Problem details - Among the entries below, only the lines from the one with "2023 Mitsubishi Outlander PHEV SE" through the one with "दिग्विजय के करीबी" are wanted, reproduced exactly. Pictures are not wanted.

Data shown -
>>

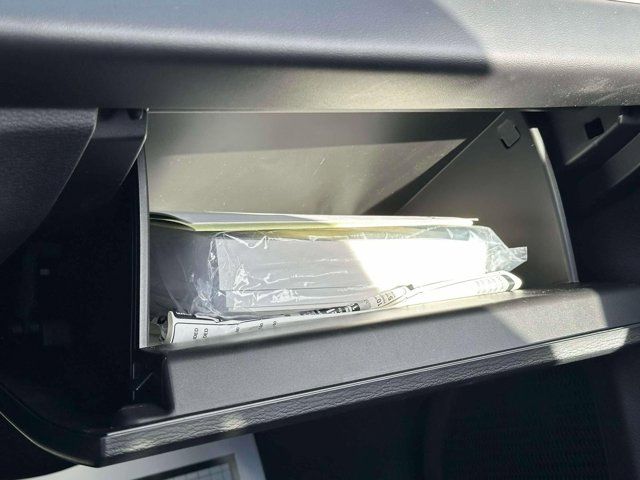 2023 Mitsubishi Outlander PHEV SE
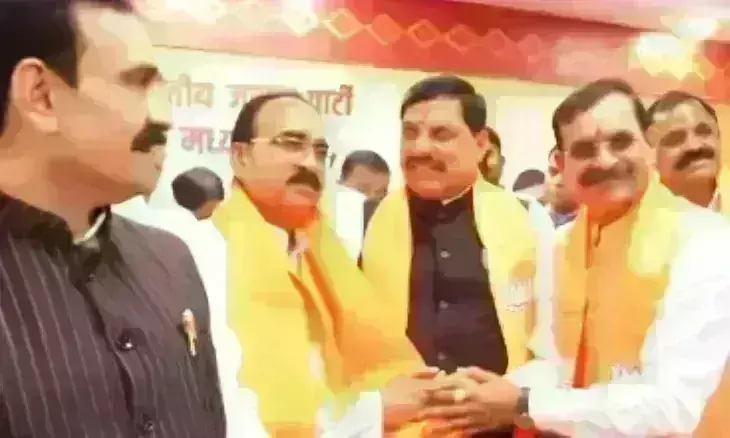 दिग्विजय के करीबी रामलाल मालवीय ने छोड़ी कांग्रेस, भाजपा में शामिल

<<
>>

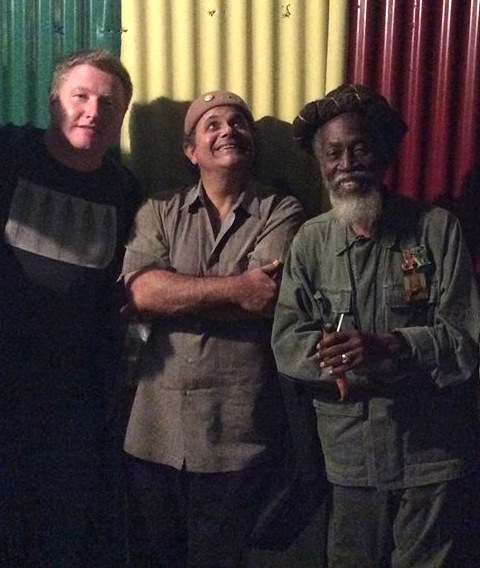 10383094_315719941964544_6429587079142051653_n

<<

Task solution -
 2023 Mitsubishi Outlander PHEV SE
 दिग्विजय के करीबी रामलाल मालवीय ने छोड़ी कांग्रेस, भाजपा में शामिल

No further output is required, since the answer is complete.